Может быть — стиль, язык?
Язык у него несложный, во всяком случае — не всегда, так что голову ломать не приходится, а это уже немалый плюс. Но пишут же и хуже Пелевина, однако народными кумирами не становятся. И темы его сочинений — ну странные, но кто же сейчас не пишет странно? Только ленивый.
Читаешь и удивляешься — ведь ничего нового Пелевин литературе не дал, все это было, было — у тех же Борхеса, Кастанеды, Дика, а до них — у старых китайцев. Перенес на русскую почву, дал русские имена, поменял антураж, детали… В чем же тогда секрет его популярности?
Может быть, в том, что Пелевин — первый из нового поколения писателей, принявший и применивший в жизни своей и творчестве один из главных постулатов буддизма: мир, который нас окружает, не более чем иллюзия, наваждение, создание чьей-то фантазии, уродливой ли, прекрасной, но чужой и подчас не созвучной с внутренним нашим «я»? И решивший, вдохновленный идеей, сам стать таким творцом, меняя миры и лица населяющих эти миры существ?
Но по сути, каждый писатель — в той или иной мере буддист, раз строит собственные миры. И массовому читателю до буддийской теории с практикой такое же далекое дело, как до Букера с его антиподом. Хотя в темных уголках подсознания буддизм еще где-нибудь да хоронится как наследие татаро-монгольских времен. Следовательно, Пелевин не нов и в этом?
Вот тут не будем спешить.
Что такое канувшая в небытие эпоха, которую мы называем советской? Во-первых, и пожалуй что в-главных, это идея, которую навязывали нам сверху. Иллюзия, которую творили другие, в которую люди активно или пассивно верили, с которой большинству из них трудно и страшно было расстаться.
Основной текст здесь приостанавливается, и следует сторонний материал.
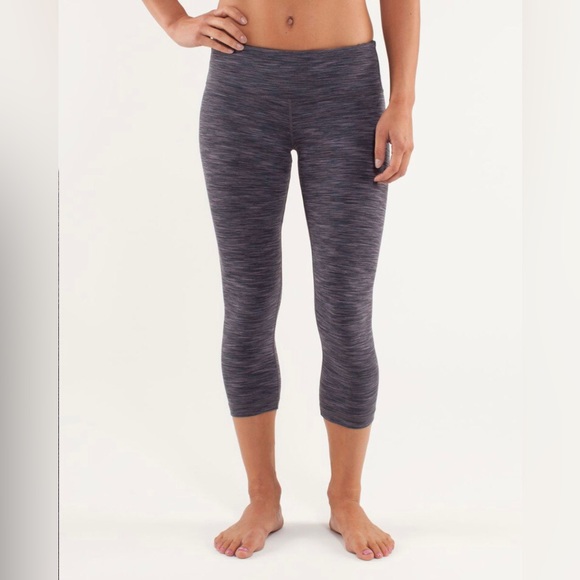 lululemon athletica Pants - Lululemon Wunder Under Crop in Space Dye Black/ Coal/ Magnum/ Black Leggings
Тремя абзацами раньше мелькнуло слово «существ»; внешне оно вроде бы выбивается из контекста фразы: раз лица, так уж лица людей. А «лица существ» — ни слуху не привычно, ни глазу. Но это не оговорка. Мир, который творили за нас, с точки зрения самих творцов населен был именно существами, а не людьми. Мы не существовали для них в реальности; мы снились своим творцам, как и мир, в котором мы жили.